> _Prompt_:
Within the records below, find the line with "VIDEO! Striscione dei" and the line with "Mercedes-Benz Sprinter 319", then reproduce exactly those two lines and all lines between them, without any picture.

> _Records_:
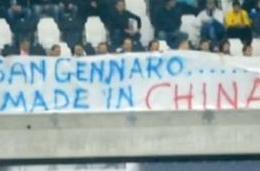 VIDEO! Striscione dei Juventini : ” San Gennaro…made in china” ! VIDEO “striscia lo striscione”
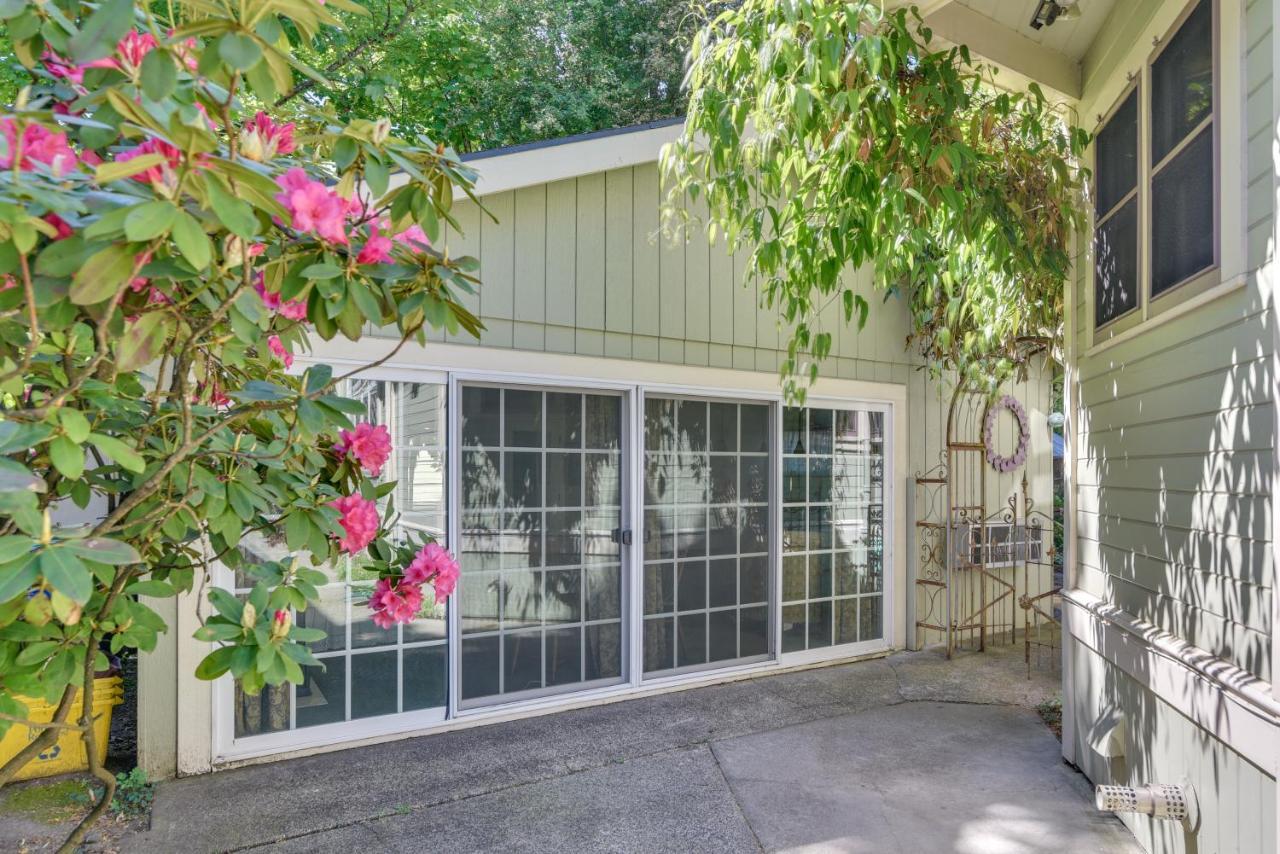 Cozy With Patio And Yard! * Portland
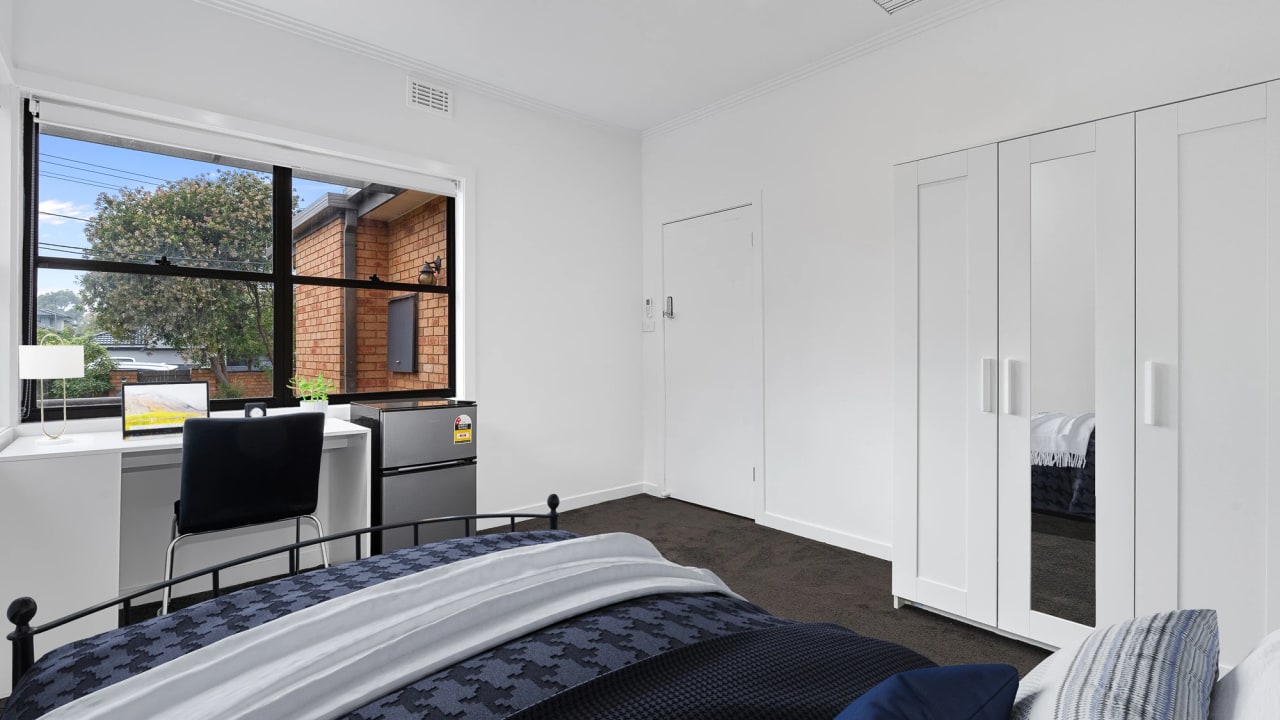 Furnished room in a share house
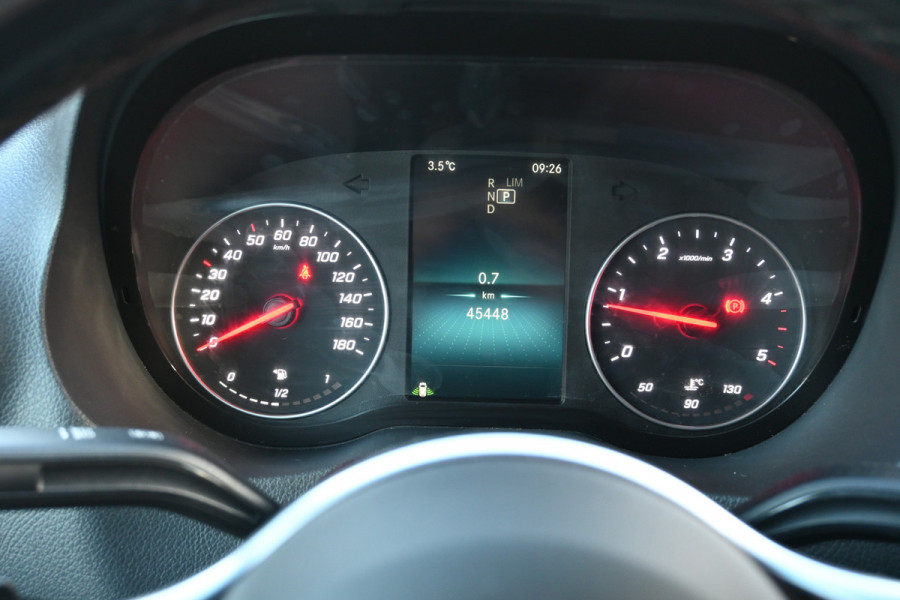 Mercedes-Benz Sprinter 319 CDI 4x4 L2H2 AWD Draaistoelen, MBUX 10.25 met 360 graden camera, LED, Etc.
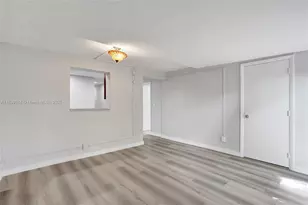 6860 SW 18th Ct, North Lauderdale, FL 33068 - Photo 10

---

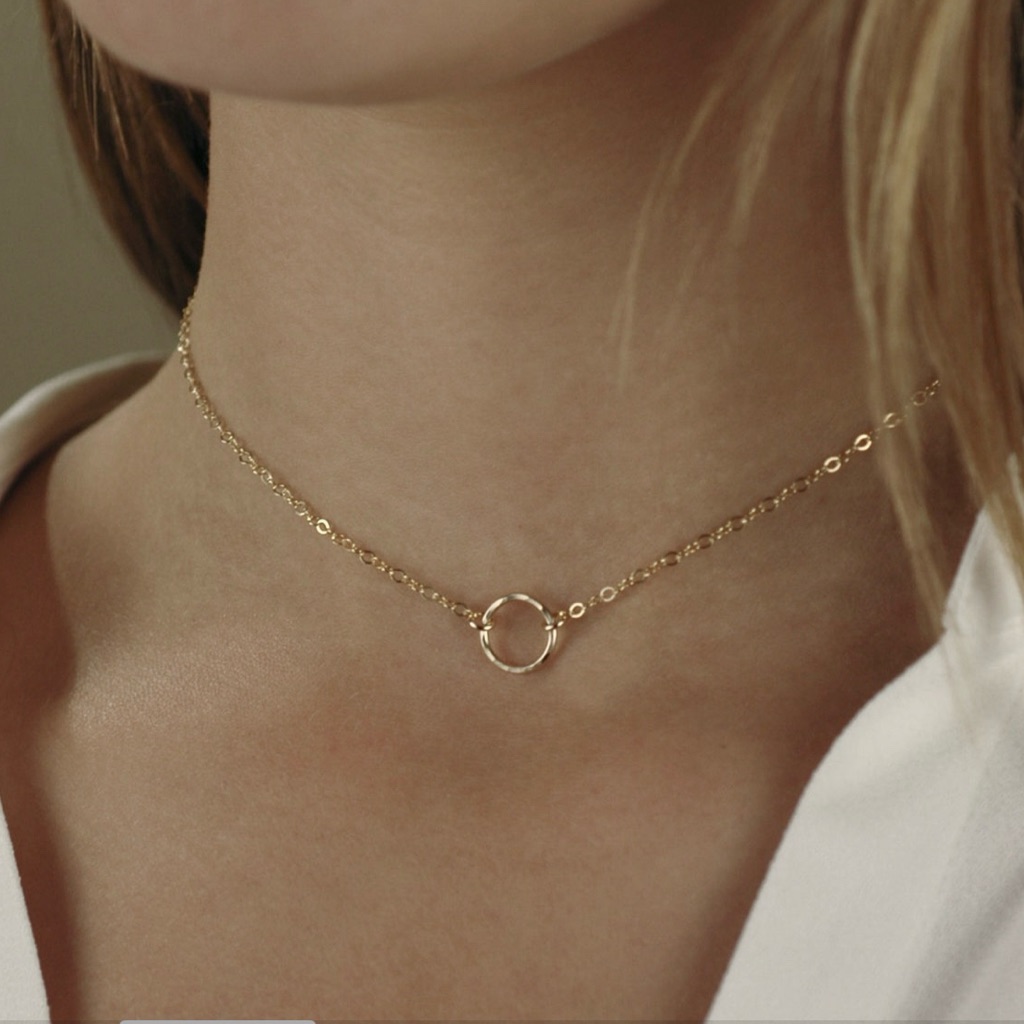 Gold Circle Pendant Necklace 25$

> _Task response_:
 VIDEO! Striscione dei Juventini : ” San Gennaro…made in china” ! VIDEO “striscia lo striscione”
 Cozy With Patio And Yard! * Portland
 Furnished room in a share house
 Mercedes-Benz Sprinter 319 CDI 4x4 L2H2 AWD Draaistoelen, MBUX 10.25 met 360 graden camera, LED, Etc.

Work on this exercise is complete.